Meskipun paruh kedua musim lalu dan beberapa putaran pertama tahun 2022 menunjukkan harapan, dua grand prix terakhirnya, di Spanyol dan Monaco, sulit untuk disaksikan, dikalahkan secara menyeluruh oleh rekan setimnya Lando Norris.

Itu adalah akhir pekan yang sulit, bahkan pergantian telah berubah secara dramatis dari ‘membuat kemajuan’ menjadi ‘Ricciardo keluar’. Ada bisikan tentang dia yang mengakhiri karir F1 setahun sebelum akhir kontraknya, dengan CEO Zak Brown berbicara secara terbuka tentang harapan yang tidak terpenuhi dan klausul istirahat.

“Dia perlu bangkit,” kata Brundle. “Seperti Barcelona, ​​ketika Lando sakit, benar-benar sakit, dan tidak yakin dia akan bisa memulai balapan, dia mengungguli Daniel – momen-momen itulah yang merusaknya.

“Saya tidak berpikir ini semua tentang Lando. Saya pikir Daniel tidak menunjukkan performa terbaiknya.

“Saya tidak akan mengaku tahu apa yang terjadi di kepalanya, tetapi saya tahu dia akan sangat kecewa dan bermasalah dengan kurangnya kecepatan saat ini.

“Ada yang tidak beres, dan saya pikir masalahnya adalah McLaren, jika Daniel lolos di luar 10 besar dan berlomba di luar 10 besar dan jauh di belakang rekan setimnya, mereka tidak mampu membawanya ke musim depan. Ini terlalu kritis.

“Saya pikir keputusan harus dibuat dalam beberapa bulan ke depan. Ini adalah bisnis yang bergerak sangat cepat. Saya tidak berpikir salah satu dari mereka semua ingin mengambil bentuk seperti ini di tahun 2023.”

Foto oleh Mark Thompson/Getty ImagesSumber: Getty Images

Tapi Brundle belum mau mengesampingkan Ricciardo.

Kembalinya akhir pekan ini ke Azerbaijan adalah pengingat yang tepat waktu akan hal terbaik yang ditawarkan Ricciardo. Sudah lima tahun sejak pebalap Australia itu memenangkan balapan 2017 dengan cara menyalip, termasuk double dan triple pass ke tikungan pertama dengan gaya khasnya yang lama.

Ini melambangkan balap keras seorang pembalap yang mengklaim hanya satu kemenangannya dari barisan depan — dia terbiasa melakukan hal-hal dengan cara yang sulit.

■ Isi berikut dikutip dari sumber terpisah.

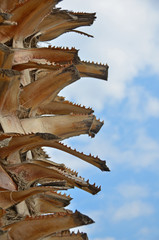 Close up palm tree thorns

MCL36 mungkin bukan mobil pemenang balapan, tetapi Anda hanya perlu melihat sekilas untuk mengingat betapa bagusnya Ricciardo saat dia dalam kondisi terbaiknya.

“Kami tahu dia pembalap kelas dunia – dia delapan kali juara, 32 kali naik podium,” kata Brundle. “Seperti yang mereka katakan, bentuk itu sementara dan kelas itu permanen.

“Kami semua adalah penggemar beratnya — keahlian balapnya, kecepatannya.

“Bisakah dia mengubahnya akhir pekan ini? Tidak ada keraguan tentang itu. Monza membalikkannya untuk Daniel tahun lalu, dan hasil teratas di suatu tempat seperti Baku bisa mengingatkan semua orang betapa bagusnya dia.

“Saya pikir dia bisa membalikkan keadaan, dan saya yakin McLaren berharap dia bisa dan menginginkannya dan percaya dia bisa.

“Untungnya dalam bisnis ini Anda hanya sebaik balapan terakhir Anda, dan jika balapan terakhir Anda adalah podium atau kemenangan, maka itu memotong dua arah.”

“Seperti yang saya katakan, bentuk itu sementara, kelas permanen.”